Entusiasmante serata all’insegna della commistione tra jazz e sinfonica grazie alla bacchetta del giovane Riccardo Bisatti
Chissà cosa avrebbe pensato George Gershwin se, prima della sua scomparsa prematura, gli fosse stato detto che le sue composizioni sarebbero diventate tra le più amate e celebrate nei grandi teatri.
Sono sicuro che il compositore di Porgy and Bess, tanto ambizioso quanto insicuro, sarebbe esploso di gioia alla notizia che il Teatro della città di Bellini ha dedicato al suo nome un’entusiasmante serata all’insegna della commistione tra jazz e sinfonica. Lo scorso fine settimana, al Teatro Massimo Bellini di Catania, la bacchetta del giovane Riccardo Bisatti ha diretto tre celebri pagine gershwiniane.
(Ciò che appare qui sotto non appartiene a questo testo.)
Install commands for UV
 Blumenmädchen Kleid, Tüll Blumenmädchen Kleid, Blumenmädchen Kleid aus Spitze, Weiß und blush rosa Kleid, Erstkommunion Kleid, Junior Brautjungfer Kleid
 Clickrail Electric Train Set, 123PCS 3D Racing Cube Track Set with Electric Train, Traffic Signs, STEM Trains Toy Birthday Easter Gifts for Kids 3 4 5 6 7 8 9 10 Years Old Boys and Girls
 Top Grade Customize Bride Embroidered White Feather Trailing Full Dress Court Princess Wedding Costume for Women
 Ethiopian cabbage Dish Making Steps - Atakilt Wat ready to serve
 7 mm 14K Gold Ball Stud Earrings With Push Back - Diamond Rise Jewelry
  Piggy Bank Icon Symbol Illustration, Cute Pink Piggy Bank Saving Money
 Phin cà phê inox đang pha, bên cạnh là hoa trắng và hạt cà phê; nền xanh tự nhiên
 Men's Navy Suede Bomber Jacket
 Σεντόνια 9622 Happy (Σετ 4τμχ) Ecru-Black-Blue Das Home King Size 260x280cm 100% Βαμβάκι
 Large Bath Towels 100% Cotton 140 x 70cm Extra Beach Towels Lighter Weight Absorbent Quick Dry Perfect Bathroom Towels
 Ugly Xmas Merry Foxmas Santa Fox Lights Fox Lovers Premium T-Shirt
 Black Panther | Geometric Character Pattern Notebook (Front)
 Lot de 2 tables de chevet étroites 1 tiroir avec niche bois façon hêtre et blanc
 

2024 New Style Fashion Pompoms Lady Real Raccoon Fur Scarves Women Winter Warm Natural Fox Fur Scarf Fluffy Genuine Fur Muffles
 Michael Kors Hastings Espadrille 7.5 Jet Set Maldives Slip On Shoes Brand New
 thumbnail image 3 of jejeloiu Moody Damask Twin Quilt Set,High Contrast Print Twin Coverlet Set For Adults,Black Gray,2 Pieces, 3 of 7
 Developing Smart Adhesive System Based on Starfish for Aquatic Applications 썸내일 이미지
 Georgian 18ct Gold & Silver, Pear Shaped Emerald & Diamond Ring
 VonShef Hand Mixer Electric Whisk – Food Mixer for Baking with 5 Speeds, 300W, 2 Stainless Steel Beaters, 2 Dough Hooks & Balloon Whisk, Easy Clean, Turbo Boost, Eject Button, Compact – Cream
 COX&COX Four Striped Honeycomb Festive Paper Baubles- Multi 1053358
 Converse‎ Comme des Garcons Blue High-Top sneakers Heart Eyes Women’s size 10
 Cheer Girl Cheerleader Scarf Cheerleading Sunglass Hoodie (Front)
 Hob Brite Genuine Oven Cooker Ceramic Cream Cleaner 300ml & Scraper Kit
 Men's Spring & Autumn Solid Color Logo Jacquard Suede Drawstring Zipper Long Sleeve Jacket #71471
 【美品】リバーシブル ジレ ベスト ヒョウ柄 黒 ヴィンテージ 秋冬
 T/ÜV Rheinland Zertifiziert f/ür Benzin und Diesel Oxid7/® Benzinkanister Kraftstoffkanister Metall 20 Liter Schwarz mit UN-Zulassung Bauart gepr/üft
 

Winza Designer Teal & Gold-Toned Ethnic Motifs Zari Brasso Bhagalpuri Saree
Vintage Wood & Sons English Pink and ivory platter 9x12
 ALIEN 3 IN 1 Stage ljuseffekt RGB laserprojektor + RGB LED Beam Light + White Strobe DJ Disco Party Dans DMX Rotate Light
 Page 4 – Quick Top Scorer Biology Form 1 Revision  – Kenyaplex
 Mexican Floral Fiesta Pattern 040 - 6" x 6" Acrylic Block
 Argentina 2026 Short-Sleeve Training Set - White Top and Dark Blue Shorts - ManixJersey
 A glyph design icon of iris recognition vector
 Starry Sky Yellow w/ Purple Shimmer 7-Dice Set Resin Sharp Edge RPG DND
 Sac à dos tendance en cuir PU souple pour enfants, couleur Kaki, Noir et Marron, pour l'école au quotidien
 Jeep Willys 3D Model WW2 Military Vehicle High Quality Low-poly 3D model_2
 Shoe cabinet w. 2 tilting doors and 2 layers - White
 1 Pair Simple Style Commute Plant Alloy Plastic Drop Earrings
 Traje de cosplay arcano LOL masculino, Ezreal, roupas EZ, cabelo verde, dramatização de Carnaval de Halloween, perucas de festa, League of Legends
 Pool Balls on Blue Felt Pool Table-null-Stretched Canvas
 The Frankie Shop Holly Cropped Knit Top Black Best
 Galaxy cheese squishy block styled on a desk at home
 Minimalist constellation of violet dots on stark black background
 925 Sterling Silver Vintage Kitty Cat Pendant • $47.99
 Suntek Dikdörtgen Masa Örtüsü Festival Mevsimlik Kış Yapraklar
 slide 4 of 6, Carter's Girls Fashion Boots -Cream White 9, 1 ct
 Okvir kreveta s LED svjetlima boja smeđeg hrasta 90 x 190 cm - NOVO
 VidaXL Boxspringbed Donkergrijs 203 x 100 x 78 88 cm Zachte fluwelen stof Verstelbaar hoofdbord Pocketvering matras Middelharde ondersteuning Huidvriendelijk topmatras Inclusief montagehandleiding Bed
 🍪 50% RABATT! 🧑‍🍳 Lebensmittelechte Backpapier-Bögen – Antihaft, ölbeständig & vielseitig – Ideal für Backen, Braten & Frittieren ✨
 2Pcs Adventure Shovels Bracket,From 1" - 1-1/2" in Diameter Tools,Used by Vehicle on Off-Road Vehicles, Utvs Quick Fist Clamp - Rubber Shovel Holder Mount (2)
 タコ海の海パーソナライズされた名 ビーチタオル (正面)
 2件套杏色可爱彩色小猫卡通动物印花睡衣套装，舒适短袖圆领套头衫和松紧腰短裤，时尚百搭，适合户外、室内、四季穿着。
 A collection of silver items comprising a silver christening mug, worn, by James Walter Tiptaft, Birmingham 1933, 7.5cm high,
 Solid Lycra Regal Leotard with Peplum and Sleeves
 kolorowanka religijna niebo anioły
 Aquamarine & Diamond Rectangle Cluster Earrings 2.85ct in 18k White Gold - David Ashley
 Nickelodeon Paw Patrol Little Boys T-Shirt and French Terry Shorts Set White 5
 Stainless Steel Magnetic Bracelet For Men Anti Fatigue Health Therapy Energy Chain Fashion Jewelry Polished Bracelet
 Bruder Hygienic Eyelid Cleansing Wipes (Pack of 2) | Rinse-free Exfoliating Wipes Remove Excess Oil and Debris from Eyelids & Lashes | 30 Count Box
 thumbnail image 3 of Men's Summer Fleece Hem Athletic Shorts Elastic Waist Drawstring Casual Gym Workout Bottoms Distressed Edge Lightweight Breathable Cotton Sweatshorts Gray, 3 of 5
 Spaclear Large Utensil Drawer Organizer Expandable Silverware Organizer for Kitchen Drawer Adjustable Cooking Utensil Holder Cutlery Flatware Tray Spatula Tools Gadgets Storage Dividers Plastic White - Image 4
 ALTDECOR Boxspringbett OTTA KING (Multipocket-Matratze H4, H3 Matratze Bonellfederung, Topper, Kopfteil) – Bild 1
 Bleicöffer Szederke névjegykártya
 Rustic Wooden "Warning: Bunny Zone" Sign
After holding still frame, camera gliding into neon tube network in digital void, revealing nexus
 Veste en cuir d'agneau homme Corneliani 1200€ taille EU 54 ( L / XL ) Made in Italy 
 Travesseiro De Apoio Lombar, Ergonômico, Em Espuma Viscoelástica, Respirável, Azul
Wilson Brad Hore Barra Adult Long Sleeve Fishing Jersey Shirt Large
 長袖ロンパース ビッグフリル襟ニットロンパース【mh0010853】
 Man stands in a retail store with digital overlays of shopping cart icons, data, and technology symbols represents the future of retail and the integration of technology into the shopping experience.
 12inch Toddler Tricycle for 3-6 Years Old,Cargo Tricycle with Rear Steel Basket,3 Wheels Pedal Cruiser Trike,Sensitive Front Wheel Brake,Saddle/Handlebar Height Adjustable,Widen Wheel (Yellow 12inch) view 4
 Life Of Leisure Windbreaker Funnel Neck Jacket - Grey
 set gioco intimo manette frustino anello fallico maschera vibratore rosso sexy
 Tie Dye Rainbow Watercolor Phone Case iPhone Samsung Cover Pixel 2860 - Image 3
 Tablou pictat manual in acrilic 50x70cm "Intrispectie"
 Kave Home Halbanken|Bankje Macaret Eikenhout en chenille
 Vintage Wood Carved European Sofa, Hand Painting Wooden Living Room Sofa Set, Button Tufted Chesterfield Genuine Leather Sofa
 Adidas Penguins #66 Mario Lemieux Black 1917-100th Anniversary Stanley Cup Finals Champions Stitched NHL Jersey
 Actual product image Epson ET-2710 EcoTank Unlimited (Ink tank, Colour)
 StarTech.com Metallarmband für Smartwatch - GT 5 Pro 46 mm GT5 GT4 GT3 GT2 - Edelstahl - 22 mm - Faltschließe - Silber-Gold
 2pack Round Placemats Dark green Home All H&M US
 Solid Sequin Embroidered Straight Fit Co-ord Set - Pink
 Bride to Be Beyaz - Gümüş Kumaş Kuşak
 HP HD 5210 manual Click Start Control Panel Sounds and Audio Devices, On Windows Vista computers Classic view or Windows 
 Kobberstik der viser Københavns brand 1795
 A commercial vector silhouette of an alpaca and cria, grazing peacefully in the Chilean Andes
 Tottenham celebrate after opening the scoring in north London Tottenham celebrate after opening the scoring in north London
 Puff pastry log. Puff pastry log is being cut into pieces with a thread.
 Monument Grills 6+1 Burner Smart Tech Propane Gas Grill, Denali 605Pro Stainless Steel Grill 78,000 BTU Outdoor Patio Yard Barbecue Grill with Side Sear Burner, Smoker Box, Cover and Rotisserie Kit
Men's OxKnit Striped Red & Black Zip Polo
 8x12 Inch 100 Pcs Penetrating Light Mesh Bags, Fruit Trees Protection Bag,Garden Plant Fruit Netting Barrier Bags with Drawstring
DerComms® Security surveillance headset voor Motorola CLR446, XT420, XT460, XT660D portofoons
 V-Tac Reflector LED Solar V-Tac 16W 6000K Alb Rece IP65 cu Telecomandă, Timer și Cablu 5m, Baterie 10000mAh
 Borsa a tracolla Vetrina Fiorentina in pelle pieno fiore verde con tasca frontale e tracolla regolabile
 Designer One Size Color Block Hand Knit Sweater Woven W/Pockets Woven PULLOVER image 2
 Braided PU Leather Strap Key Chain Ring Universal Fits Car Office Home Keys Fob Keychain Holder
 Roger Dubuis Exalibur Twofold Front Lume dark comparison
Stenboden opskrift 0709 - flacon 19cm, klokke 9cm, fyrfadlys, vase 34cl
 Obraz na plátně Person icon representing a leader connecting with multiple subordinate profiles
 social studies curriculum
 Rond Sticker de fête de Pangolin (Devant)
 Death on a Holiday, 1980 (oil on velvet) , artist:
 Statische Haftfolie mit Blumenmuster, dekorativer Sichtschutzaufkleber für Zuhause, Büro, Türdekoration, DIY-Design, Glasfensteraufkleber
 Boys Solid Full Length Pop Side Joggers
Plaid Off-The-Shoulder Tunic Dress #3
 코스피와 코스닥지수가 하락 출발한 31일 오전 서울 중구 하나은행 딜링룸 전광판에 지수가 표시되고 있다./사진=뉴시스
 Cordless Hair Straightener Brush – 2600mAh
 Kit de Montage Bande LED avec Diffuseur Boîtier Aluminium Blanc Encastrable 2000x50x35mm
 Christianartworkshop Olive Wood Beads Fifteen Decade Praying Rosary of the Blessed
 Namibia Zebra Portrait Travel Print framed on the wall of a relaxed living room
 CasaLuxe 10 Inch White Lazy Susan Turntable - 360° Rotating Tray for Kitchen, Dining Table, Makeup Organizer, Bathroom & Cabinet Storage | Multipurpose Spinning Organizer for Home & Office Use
Ad aprire le danze, l’effervescente Cuban Overture, in cui l’orchestra ha acceso la platea al ritmo di rumba. Composta nel 1932, l’overture fonde una ricca gamma di colori orchestrali all’ipnotico ritmo delle danze caraibiche, con un tema gioioso e sfolgorante che difficilmente esce dalla testa dell’ascoltatore.
A seguire, la celeberrima Rhapsody in Blue, che ha consacrato Gershwin all’Olimpo dei compositori più celebrati e che, curiosamente, tra poco più di due mesi compie ben cento anni dalla sua prima esecuzione. Sin dall’iconico glissando del clarinetto con cui si apre, la Rapsodia rievoca il dinamismo della città di New York, nel segno di una visualità corroborata, in questi cento anni, da pellicole come Manhattan di Woody Allen o Fantasia 2000 della Disney.
Il giovane pianista Ruben Micieli
Un capolavoro senza tempo, dunque, alla quale l’impeccabile tocco del pianista Ruben Micieli ha dato giustizia, con un’esecuzione appassionata e tecnicamente ineccepibile. Azzeccatissimo il bis, la scoppiettante Alla turca, jazzistica rivisitazione, a opera di Arkadij Volodos’, del celeberrimo terzo movimento della Sonata per pianoforte K331 di Mozart.
Primo grande esempio di commistione tra linguaggi – quello delle danze popolari dei Roaring Twenties e quello del sinfonismo tardoromantico –, Rhapsody in Blue, in questo omaggio del Teatro Bellini, è stata affiancata da un lavoro che sembra proiettare ai giorni nostri gli auspici di Gershwin.
Si tratta proprio di una rapsodia, composta da Giuseppe Emmanuele ed eseguita in prima assoluta. Nella Rapsodia, op. 67 di Emmanuele si sente la grandiosa tradizione sinfonica tardoromantica e, a tratti, un pianismo di derivazione inconfondibilmente jazzistica che ricorda i labirinti sonori di Nikolai Kapustin.
Bisatti e Micieli hanno affrontato magistralmente anche questo brano.
Il giovane direttore d'orchestra Riccardo Bisatti
Molto interessante la proposta con cui si è aperta la seconda parte del concerto: la Sinfonia n.1 di William Grant Still, decano dei compositori afroamericani e figura influente della Harlem Renaissance, movimento che ha sfidato il paternalismo bianco esaltando la creatività nera. La sinfonia, soprannominata Afroamericana, suona come un riscatto per quelli che sono i veri e propri fautori del jazz e ci ricorda l’importanza di figure come Gershwin nell’aver contribuito a restituire dignità a un genere altrimenti associato ai quartieri a luci rosse.
La serata si è chiusa con la celebre An American in Paris, trionfo dell’idioma americano nella mente di un musicista lontano dalla sua terra: le memorabili pagine del poema sinfonico, composto da Gershwin durante un soggiorno a Parigi, sono pervase dalla nostalgia del compositore per la propria hometown, culminando nell’emozionante Blues centrale.
Insomma, non solo un omaggio a Gershwin, ma anche un omaggio a tutto ciò che Gershwin rappresenta: il dinamismo audace e variopinto della musica americana.